Lastly, I’ll end with this. The more one learns about law and economics, whether Islamic, American, or whatever, the more one realizes how much one doesn’t know. There are very few, if any of us, on this list, who would be able to evaluate contracts as to their shar’ia worthiness, or analyze state economic policies in their fullness and comment on how they may or may not align with the letter or spirit of the shari’a. As such, we realize this is primarily a problem of knowledge. And when we look at contemporary Islamic economics, we realize it is the only area where scholars of shari’a can hope to really be involved in society other than minbar (or satellite TV) moralizing, or marital counseling. If Islam is truly to be an integral part of society, then it will only do so through the creation of people of specialized knowledge (that is how the division of labor works in the post-industrial economy). As such, I am glad to see people like Mahmoud El-Gamal and Mufti Taqi and Shaykh Nizam and others doing their thing (however much they might disagree), because it is the one area where shari’a discourse is at least living and breathing on a macro-level. As this field grows, it will require more and more people learned in the letter and spirit of the shari’a, whether they be lawyers, accountants, institutional investors, economists, CFOs, or whatever. And perhaps, one day, this knowledge may even be more relevant for judges handling commercial disputes, central bankers, and prime ministers.
For these things to happen, there needs to be a shift in the educational practices of Muslims, who see shari’a scholarship as a worthy profession and necessary to being a memeber of the educated power-brokers in society.

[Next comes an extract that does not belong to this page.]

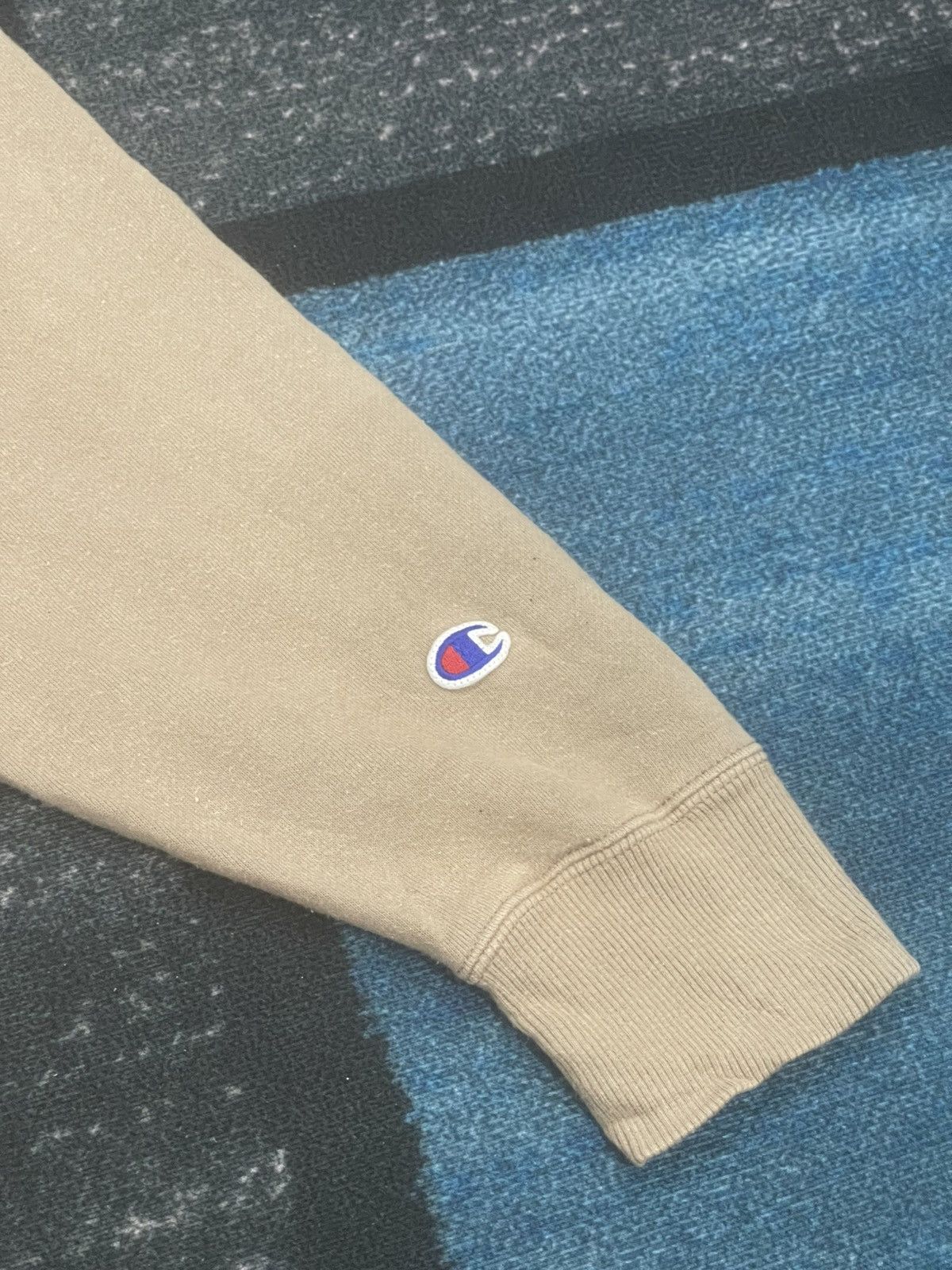 Champion × Vintage Vintage Champion Small Logo Sweatshirt Size US L / EU 52-54 / 3 - 6 Thumbnail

This seems to be already happening, with the creation of degree programs in Islamic Finance, but it will depend on whether or not these programs attract more talented students than regular shari’a student, and graduate professionals who are competent to deal with the complexity of these questions from a legal (right brain) approach and a financial (left brain) approach.
For those who want to begin the lifelong journey into these waters of complexity, I suggest the following books:
Any standard college economics 101, Macroeconomics, Finance, or Accounting textbook
“The Naked Economist” by Charles Wheelan [accessible intro to econ]
“The Age of Uncertainty” by John Kenneth Galbraith [interesting history of different forms of economic organization]
“Manias, Panics, and Crashes” by Charles Kinderberger [a history of financial crises]
“An Introduction to Islamic Finance” by Mufti Taqi Usmani [lays out the standard understanding of contemporary Islamic finance from the piecemeal private sector approach]
“The Fiqh of Zakat” by Yusuf al-Qaradawi [massive tome on the application of zakah in an modern nation-state system]
“Islamic Finance: Law Economics and Practice” by Mahmoud El-Gamal [intelligent critique of dominant discourse in Islamic finance]
May Allah guides us to sincere hearts devoted to Him and trusting of His Lordship over everything, enlightened minds that understand the way of living the shari’a in our time and place, and vigorous bodies which work and work despite hardship. Our Lord, give us good in this world, good in the next, and save us from the punishment of the Fire, ameen.